Directions?

Welcome, @Cmbtdoc0113. Share when you're ready. There's no hurry, totally at your own pace around here.

Thirteen years is a long time, I'm sorry that happened to you.

Have you told anyone irl yet?

Mine started and ended at age 8, and after it ended I was forced to ignore it at the time, so I worked really hard to forget about it until earlier this year when it exploded on me.

We're here to help each other with all the scary, powerful, and ugly emotions associated with CSA.

Maybe start there, with expressing how you're feeling, and what you're dealing with on a day to day?

There's no need to disclose to get help here. There are some really great men here.
 
Yes. Small stuff. My people know about it. I have been recommended for therapy for it. I mean I still don't know. I'm just kinda looking over the wall. I haven't found anyone I can talk to. I understand why but people don't get it, want to get it.
 
Yeah, for us men/boys it's difficult because even to this day people believe it doesn't happen to us, or it is no big deal. But we know better!
 
Welcome... for me the memories were lost for the first fifty years of my life though I'd observed some things in therapy when I was younger that I simply couldn't accept as sexual abuse. It can be hard to accept those things happened to us... but thirteen years is a long time. I know, however, from reading what others share on this website that not everyone sees only horror in what happened to them. Sometimes the trauma came from a relationship that was important on some level. I think this is one of the reasons that unpacking the residue of trauma can be so confusing. I interpret your username to suggest you would be familiar with the metaphor I sometimes use... debriding a wound... cutting away the damaged flesh and exposing the wound to air so it can heal. That seems to be what we're doing here.

There are no rules here, except perhaps being kind to one another... so take your time. Explore the website and if you feel inspired, join the conversation. You will doubtless find kindred spirits here.

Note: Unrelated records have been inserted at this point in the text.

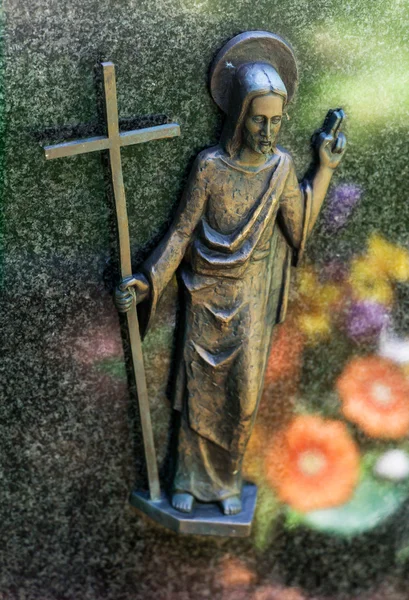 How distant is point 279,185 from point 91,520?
1243 mm

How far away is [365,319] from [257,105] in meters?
0.84

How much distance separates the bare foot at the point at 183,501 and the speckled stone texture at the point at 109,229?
136mm

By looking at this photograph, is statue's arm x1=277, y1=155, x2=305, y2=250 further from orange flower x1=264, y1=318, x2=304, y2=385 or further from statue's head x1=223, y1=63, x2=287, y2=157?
orange flower x1=264, y1=318, x2=304, y2=385

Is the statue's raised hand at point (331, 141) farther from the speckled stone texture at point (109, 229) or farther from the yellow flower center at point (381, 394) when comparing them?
the yellow flower center at point (381, 394)

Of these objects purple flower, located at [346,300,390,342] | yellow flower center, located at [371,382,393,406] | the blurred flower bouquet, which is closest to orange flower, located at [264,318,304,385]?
the blurred flower bouquet

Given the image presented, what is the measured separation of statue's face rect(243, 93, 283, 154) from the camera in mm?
2160

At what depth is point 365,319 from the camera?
267cm

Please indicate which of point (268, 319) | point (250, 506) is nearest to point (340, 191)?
point (268, 319)

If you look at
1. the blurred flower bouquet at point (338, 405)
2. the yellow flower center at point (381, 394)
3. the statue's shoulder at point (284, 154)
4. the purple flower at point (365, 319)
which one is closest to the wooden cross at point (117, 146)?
the statue's shoulder at point (284, 154)

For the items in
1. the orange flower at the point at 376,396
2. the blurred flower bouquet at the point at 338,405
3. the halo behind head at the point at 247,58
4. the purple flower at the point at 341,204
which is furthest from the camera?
the orange flower at the point at 376,396

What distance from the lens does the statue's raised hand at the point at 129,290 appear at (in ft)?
7.68

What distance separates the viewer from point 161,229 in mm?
2408

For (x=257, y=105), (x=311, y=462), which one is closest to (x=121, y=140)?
(x=257, y=105)

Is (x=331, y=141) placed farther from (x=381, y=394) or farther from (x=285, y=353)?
(x=381, y=394) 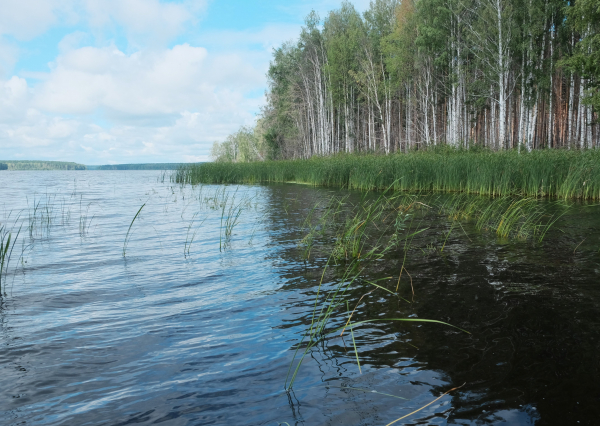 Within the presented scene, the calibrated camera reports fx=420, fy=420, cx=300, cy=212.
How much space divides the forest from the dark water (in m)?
14.1

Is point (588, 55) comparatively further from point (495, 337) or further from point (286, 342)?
point (286, 342)

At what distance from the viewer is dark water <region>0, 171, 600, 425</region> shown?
8.02ft

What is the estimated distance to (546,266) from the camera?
17.1 ft

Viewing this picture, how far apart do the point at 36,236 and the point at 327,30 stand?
31.1 meters

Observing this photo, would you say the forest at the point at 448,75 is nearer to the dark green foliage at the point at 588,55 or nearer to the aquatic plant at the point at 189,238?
the dark green foliage at the point at 588,55

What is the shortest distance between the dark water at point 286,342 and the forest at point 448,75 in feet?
46.2

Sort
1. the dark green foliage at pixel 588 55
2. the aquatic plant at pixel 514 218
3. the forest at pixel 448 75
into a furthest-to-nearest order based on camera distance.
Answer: the forest at pixel 448 75
the dark green foliage at pixel 588 55
the aquatic plant at pixel 514 218

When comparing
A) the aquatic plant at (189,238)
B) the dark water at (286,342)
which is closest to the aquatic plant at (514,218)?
the dark water at (286,342)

You're not alone with any thing you've experienced, either during the years when trauma(s) were happening, or later in life as you grappled with memories of those events. Men here know trauma from first hand experience.

I'm glad you found us and introduced yourself. All the best on your healing journey... you'll find a great deal of support here.
 
Welcome. Hopefully you can find some help, comfort, compassion, here. You are not alone in your problems. We all suffer similar issues.
 
Welcome you are in the right place. There is so much support here for you, take your time and when you feel comfortable sharing what YOU want to share then share it. My little boy started popping up awhile back in a way I wasn't expecting. That little boy wanted to recreate the sexual scenario with my uncle. I didn't like it and it ruled my life for awhile, freaked my ex-partner out and has caused me a lot of grief. But because of that happening it made me get into therapy again to deal with all the issues around my CSA. I was full of fear having to actually come out and say the words instead of being vague about it. I have read in the place that I am not the only that has done this, so I don't feel so alone. Again welcome, I hope you find what you are looking for.
 
Yes. Small stuff. My people know about it. I have been recommended for therapy for it. I mean I still don't know. I'm just kinda looking over the wall. I haven't found anyone I can talk to. I understand why but people don't get it, want to get it.
@Cmbtdoc0113,

Welcome. No - people don't get it or want to get it. But guys here who are responding to you do. Keep looking over the wall, interact here in threads or private message people you think might be good to talk to. Sometimes it's easier in PMs vs. here in larger, public forums. Whatever works for you, but I would encourage you to stick with some level of interaction here, with people you know who will listen & understand, or (best) with a therapist who has experience with trauma and childhood sexual abuse (esp. with men).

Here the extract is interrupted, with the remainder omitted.